Probabilmente gli scandinavi furono i primi ad arrivare alle Svalbard, ma non esistono prove certe. Di fatto la scoperta viene attribuita all’olandese Willem Barentsz che avvistò l’arcipelago nel 1596 mentre stava cercando un passaggio verso il Polo Nord. Invece risalgono solo ai primi del secolo successivo gli sbarchi e i primi insediamenti dei cacciatori di trichechi e balene, ma l’attività fu così intensa, ingente e spietata che già alla fine del Diciottesimo secolo si era completamente esaurita.
Alla fine dell’Ottocento le Svalbard erano “terra di nessuno”, ma ai primi del Novecento la presenza di importanti giacimenti di carbone, iniziò ad attirare l’interesse di diverse nazioni. Norvegesi, inglesi e russi si insediarono nell’arcipelago, ma fu solo con l’arrivo dello statunitense Munro Longyear - da cui in seguito prenderà il nome la capitale -,titolare della Artic Coal Company, che iniziò lo sfruttamento intensivo delle risorse carbonifere. Nel tempo si sono succedute numerose controversie riguardo allo sfruttamento del terreno di questo bellissimo arcipelago, ma oggi sono poche le miniere rimaste aperte, e addirittura la Norvegia ha dichiarato che nel 2023 cesserà la propria attività estrattiva.
Contrariamente ai sei mesi di buio che vanno indicativamente da ottobre ad aprile, nei mesi relativamente più caldi in cielo c’è sempre luce. Il fenomeno viene chiamato “il sole di mezzanotte”, e anche se in effetti il sole tramonta, durante le ventiquattro ore è sempre giorno pieno.
Oltre alle balene e ai pulcinella di mare, non ci sarebbe dispiaciuto vedere anche i maestosi orsi bianchi, ma purtroppo, malgrado le ammonizioni delle guide a non scendere dalle auto e i frequenti cartelli che richiamano l’attenzione del pericolo a pochi chilometri dal centro abitato, abbiamo dovuto accontentarci soltanto di fotografare un gigantesco esemplare in acciaio all’imbocco del porto di Longyearbyen.
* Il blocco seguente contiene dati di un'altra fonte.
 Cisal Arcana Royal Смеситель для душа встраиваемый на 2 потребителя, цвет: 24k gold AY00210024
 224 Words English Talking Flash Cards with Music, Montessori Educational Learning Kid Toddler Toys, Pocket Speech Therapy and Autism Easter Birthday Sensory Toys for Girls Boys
Ci imbarchiamo su una crociera giornaliera nell’Isfjorden per andare a vedere le meraviglie della natura di questo arcipelago. Malgrado in coperta si possa ammirare il paesaggio dai grandi vetri che circondano la sala riscaldata a dovere, preferiamo andare sul ponte dove sferzate di aria gelida ci fanno sentire più a contatto con questo ambiente. In ogni caso lo spettacolo è garantito. Le montagne erose dagli agenti atmosferici sembrano scolpite dalle mani di un artista, e ad ogni miglio marittimo ci affacciamo su scenari difficili perfino da immaginare. Tra le increspature del mare scorgiamo anche il dorso di numerose balene che sembrano giocare mentre spruzzano l’acqua con le narici. E all’improvviso ci appare lui, il ghiacciaio Nordenskioldbreen che si getta nel fiordo mostrando tutto il suo antico splendore. Il capitano spenge la barca e nel silenzio, come un relitto alla deriva, ci avviciniamo fino a poche centinaia di metri. Restiamo immobili, ipnotizzati dalla purezza del ghiaccio che in certi punti emana un intenso colore blu.